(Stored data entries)
§ §

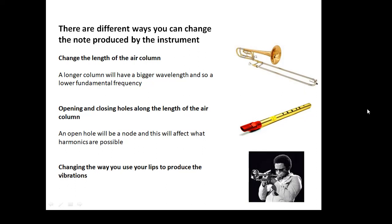There are different ways to change the note produced by an instrument. The length of the air column is very important — the longer the air column, the bigger the wavelength of the sound, and therefore the lower the frequency. Just imagine a trombone: when you make the pipe longer, the wavelength gets bigger and the frequency gets lower. Opening and closing holes along the length of the air column — many instruments have valves which do this — effectively changes the length of the tube and also changes what harmonics are possible. An open hole on a whistle, for example, acts as a node and affects the effective length. Also, a very good trumpet player can do clever things with their lips, which affects the notes and harmonics produced.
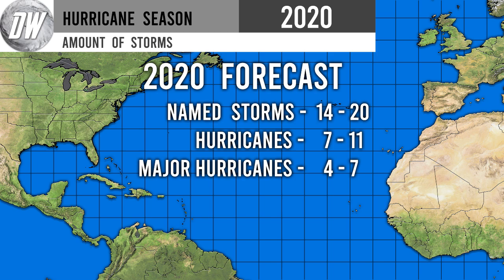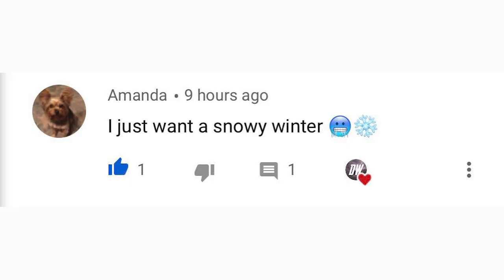For today's comment of the day from yesterday's video about winter thoughts, Amanda said 'I just want a snowy winter,' and I think a lot of you feel that way after two years without a snowy winter. Thank you so much for watching — be sure to share this with your friends, family, and social media, and I'll see you guys in the next video.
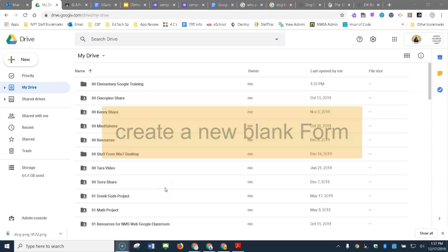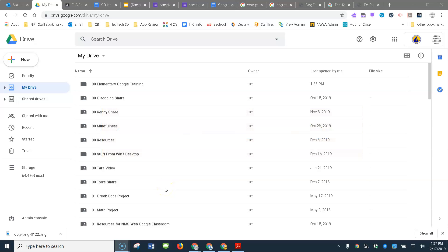To make a new blank form, you're going to start in your Google Drive. I actually made this folder right here — I'm going to put my new form in here so I can find it easily.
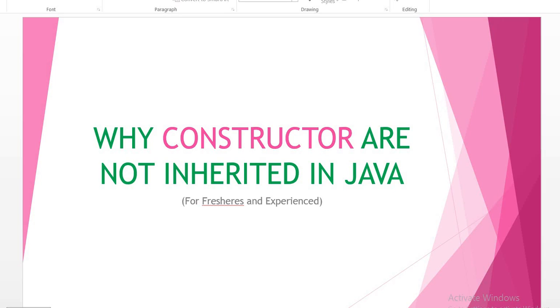Hello friends, today we are going to learn why constructors are not inherited in Java. We can inherit methods, but why we cannot inherit constructors in Java? Today I will show you what is the problem.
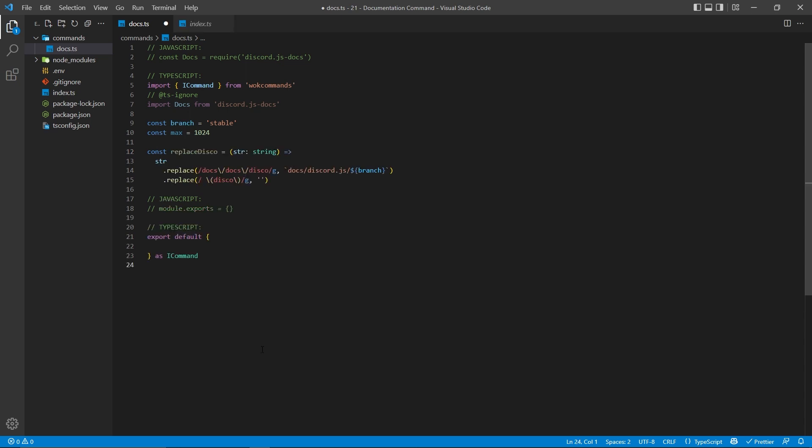I'm then going to create a function which is going to replace a certain string within this documentation package with the proper string that I'm looking for. So I'm not sure why this package has this docs forward slash docs forward slash disco URL, but I'm looking for a slightly different URL. And this also gives us a chance to pass in a branch right here.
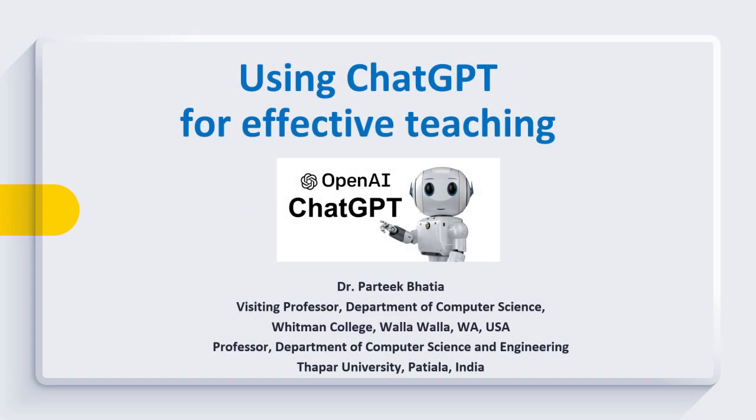Hello friends, myself Pratik. In this session we are going to discuss how we can use ChatGPT for effective teaching.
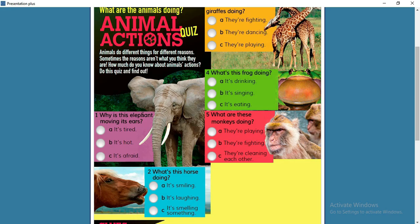Now let's do the quiz. Question one: why is this elephant moving its ears? You have three answer choices — only one is correct. The right answer is: because it's hot. They use their ears to blow air towards their body to keep cool. Question two: what's this horse doing? Is it a) smiling, b) laughing, or c) smelling something? The correct answer is c — it's smelling something.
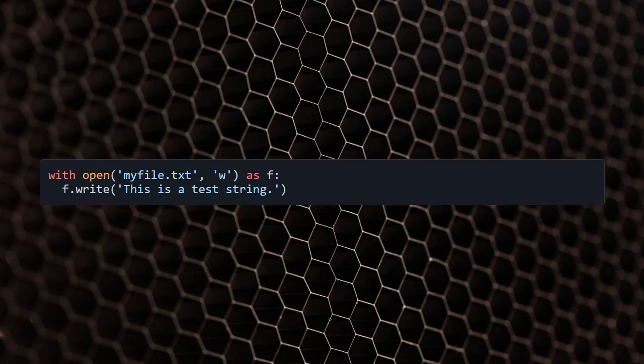Writing to a file in Python can be done using the write function. Here's an example of how to write a string to a file.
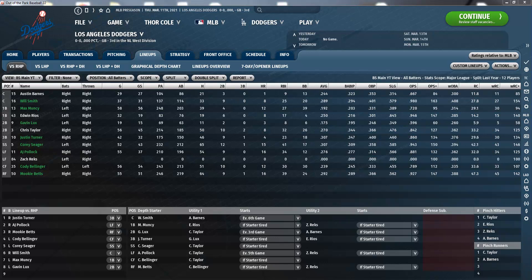Hey everybody and welcome back to another tips and tricks episode on my channel. Today we'll talk about batting stats. If you want to know more about pitching stats, you can check out my channel or just click the link that should pop up in the top right corner right now. Let's jump right into it. You can see all the stats we'll talk about right here on this customized view.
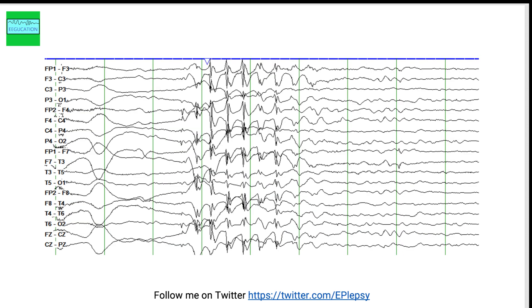This is a different patient. On the EEG you see generalized spike and wave discharges at a frequency of three spike and wave discharges per second. As you can see from the rest of the EEG, the patient is asleep. When you see generalized spike and wave and poly spike and wave discharges on the EEG, you suspect an association with generalized epilepsy.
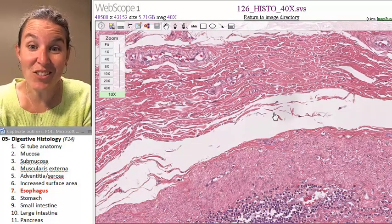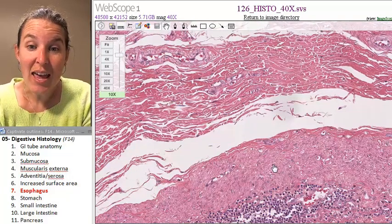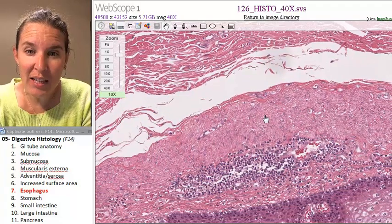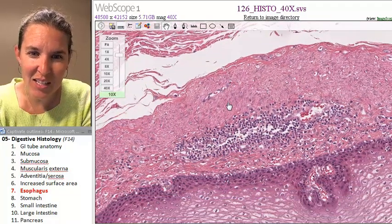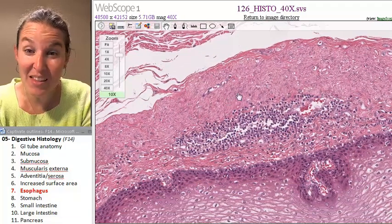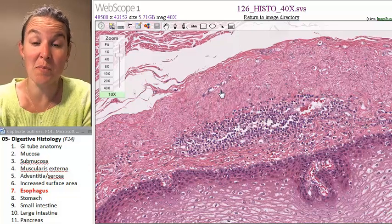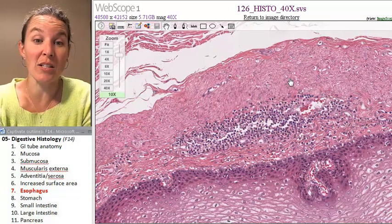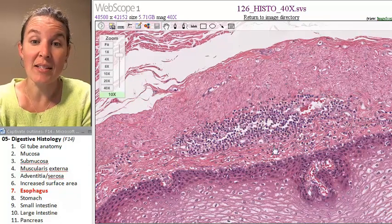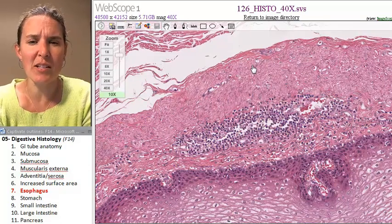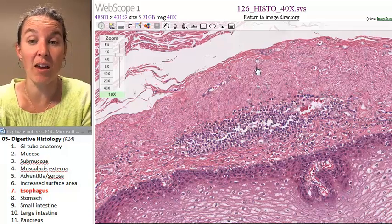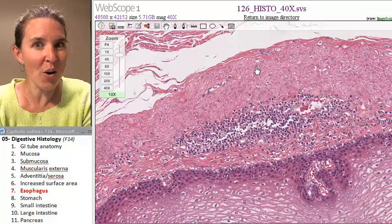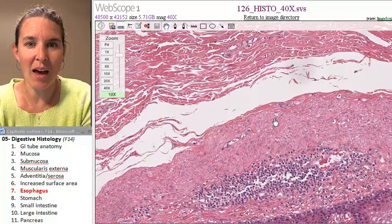That's your submucosa right there. I would guess this might actually be my muscularis mucosae right here, and this is my lamina propria. The muscularis mucosae in this one actually looks pretty thick. You're not always going to have it be that clear.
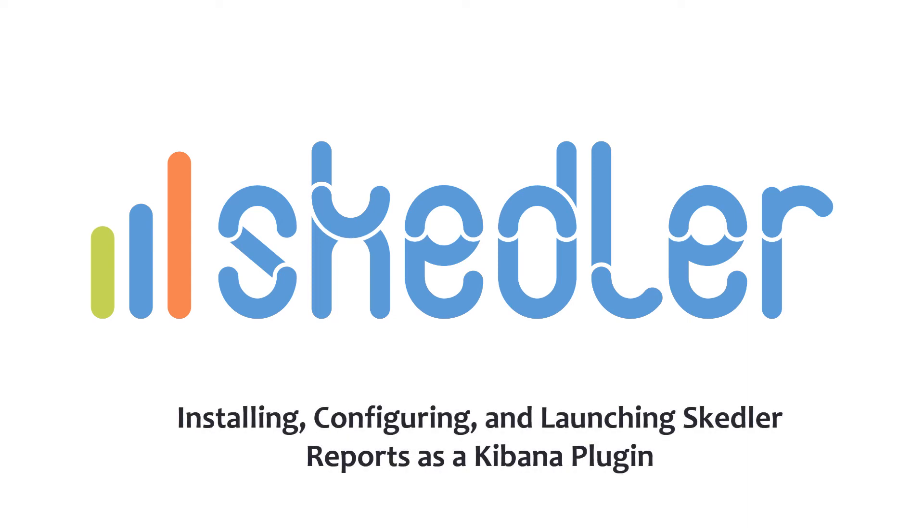In this tutorial, I'll demonstrate how to configure Skettler reports as a Kibana plugin.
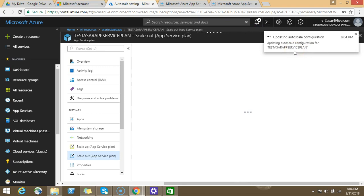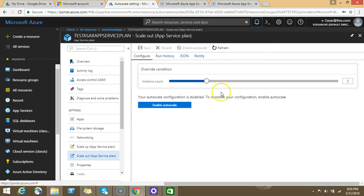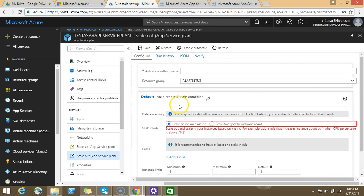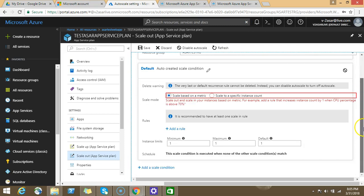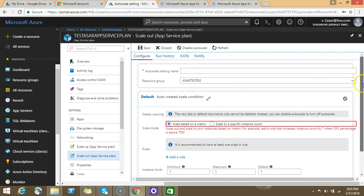It depends upon your app service plan, the pricing tier that you have selected—S1, S2, S3, premium, or basic. Depends upon your app service plan, you can increase the instances and you can decrease it again to one. You can also enable auto scale. I'll show you how to configure the auto scale option with scenarios.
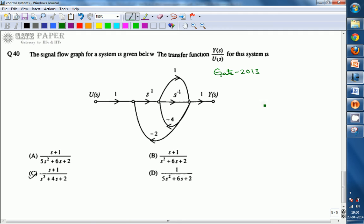We will find this simply by simplifying this network here. This network is simplified as follows. We can observe that this is a forward path and this is also a forward path — both are connected in parallel. So if both are connected in parallel, the transfer functions are added. We will get this simplified as shown.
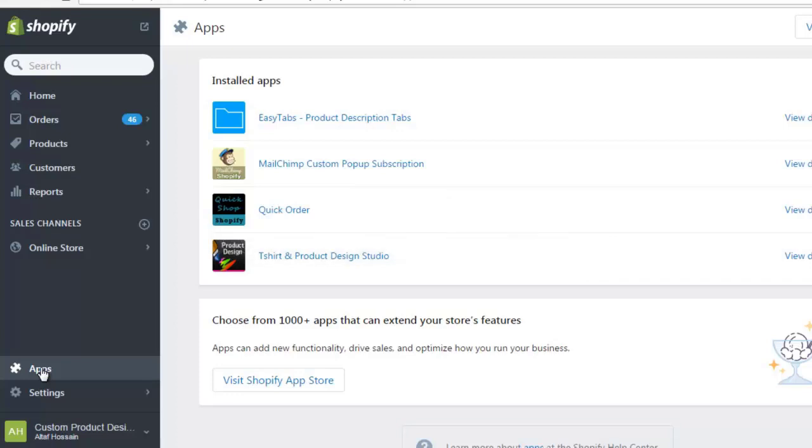Welcome to the video tutorial of T-shirt and Product Design Studio app. In this video tutorial, you will learn how to set up the admin panel of this app to use it properly.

§ §

# Your assignment:
Look above for the line with "Hello friends, today" and the line with "I'm then going". Give again exactly those two lines and all lines between them, pictures excluded.

# Result:
Hello friends, today we are going to learn why constructors are not inherited in Java. We can inherit methods, but why we cannot inherit constructors in Java? Today I will show you what is the problem.
I'm then going to create a function which is going to replace a certain string within this documentation package with the proper string that I'm looking for. So I'm not sure why this package has this docs forward slash docs forward slash disco URL, but I'm looking for a slightly different URL. And this also gives us a chance to pass in a branch right here.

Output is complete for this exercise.